The older system was CARMA, for CUDA on ARM Architecture.
The announced development systems are internally named Kayla, and the CARMA name is being dropped.
The two announcements are both "Kayla" devkits. The first is similar to the original CARMA, which had a MXM 3.0 GPU and Q7 processor module on a carrier board powered by a single DC power rail. Now, with the GPU updated to a Kepler class GPU, it's named the 'CUDA on ARM MXM devkit'.
The second system is a new mini-ITX carrier board that supports a Q7 processor module and has a PCIe slot. It uses a ATX power supply, and can run much more power hungry GPUs. Although strictly speaking it's "Kayla" when uses the same new GPU as the MXM module version.
The original devkit was developed around a existing Quadro 1000m MXM module with a GF108 Fermi class GPU. The GPU has 3 SMs, or 96 CUDA cores. The Q1000m has 2GB local memory. Only a portion of that can be mapped into the ARM's address space at one time.
The new devkit uses a Kepler class GPU with 2 SMX units ("SM35") for a total of 384 CUDA cores. Right now it's configured with 1GB of GDDR5 memory.
For both, the CPU module remains based on the Tegra 3. Neither newly announced Tegra 4 products (Tegra 4 and Tegra 4i) have PCIe interfaces. That's why this is a "close development model" rather than exactly the same as Logan.

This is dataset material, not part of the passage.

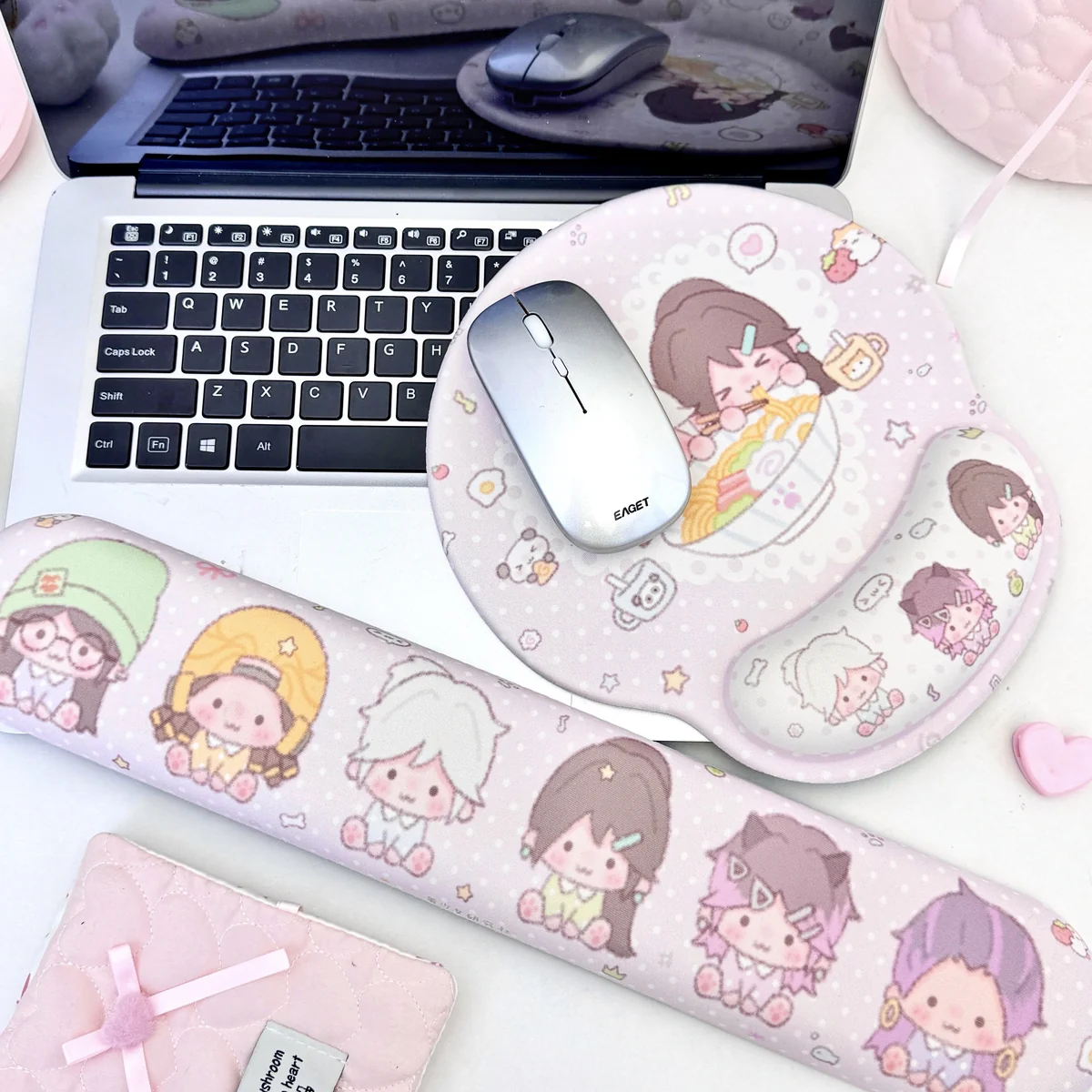 Valorant wrist rest set from a new angle, highlighting ergonomic comfort and vibrant cartoon fan art with dynamic characters for playful gaming style.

BTW, the CPU module has 2GB of low power DDR2, and the GPU has 2GB of local memory. While the total is 4GB, only about 3GB is directly addressable. 2GB is pretty much the maximum main memory configuration of ARMv7, due to some sparse utilization of the memory map. Plus you have about 1GB of address space into which you can map PCI devices.
The A15 has a PAE feature to add a few address bits, but it's new, not really used and doesn't help most ARM use cases. The real fix for the cramped address space is ARMv8.